## Data provided
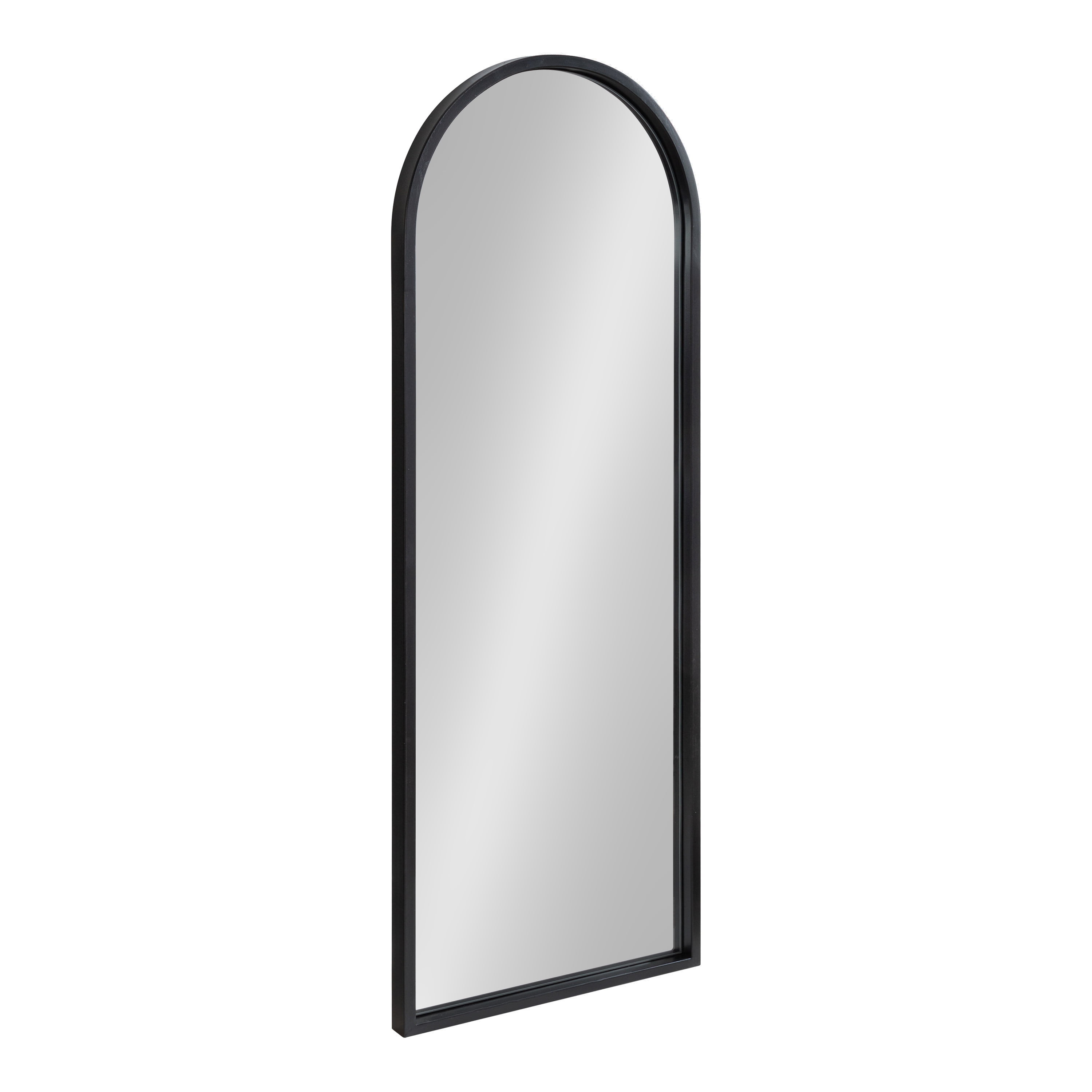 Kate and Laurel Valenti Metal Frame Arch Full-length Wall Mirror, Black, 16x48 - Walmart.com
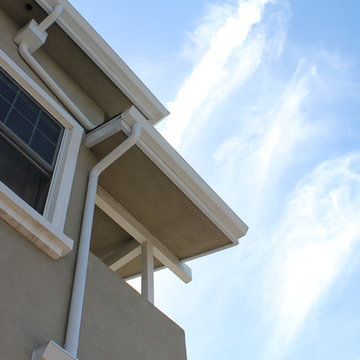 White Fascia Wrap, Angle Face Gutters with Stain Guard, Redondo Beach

---

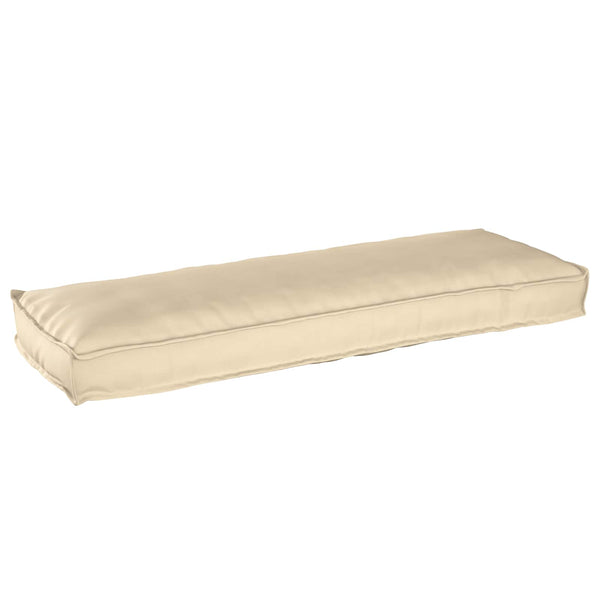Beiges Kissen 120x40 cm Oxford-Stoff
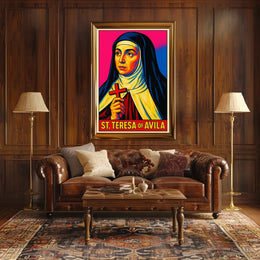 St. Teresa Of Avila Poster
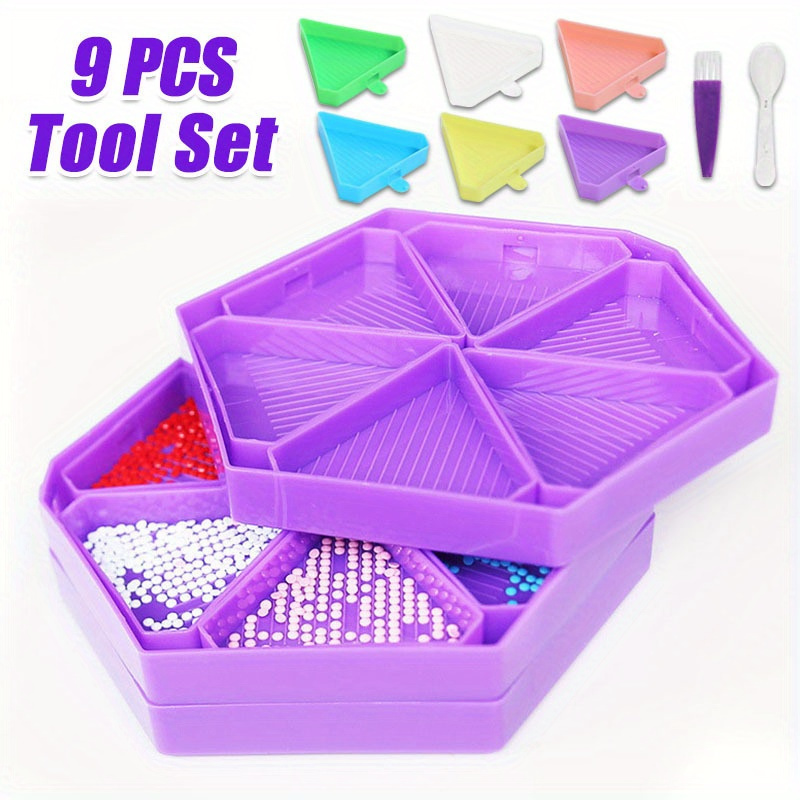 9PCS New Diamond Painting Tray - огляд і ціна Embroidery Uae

## Prompt
Print exactly the lines above that run from the one with "Kate and Laurel" to the one with "White Fascia Wrap, Angle", both included. No pictures.

## Answer for this exercise
 Kate and Laurel Valenti Metal Frame Arch Full-length Wall Mirror, Black, 16x48 - Walmart.com
 White Fascia Wrap, Angle Face Gutters with Stain Guard, Redondo Beach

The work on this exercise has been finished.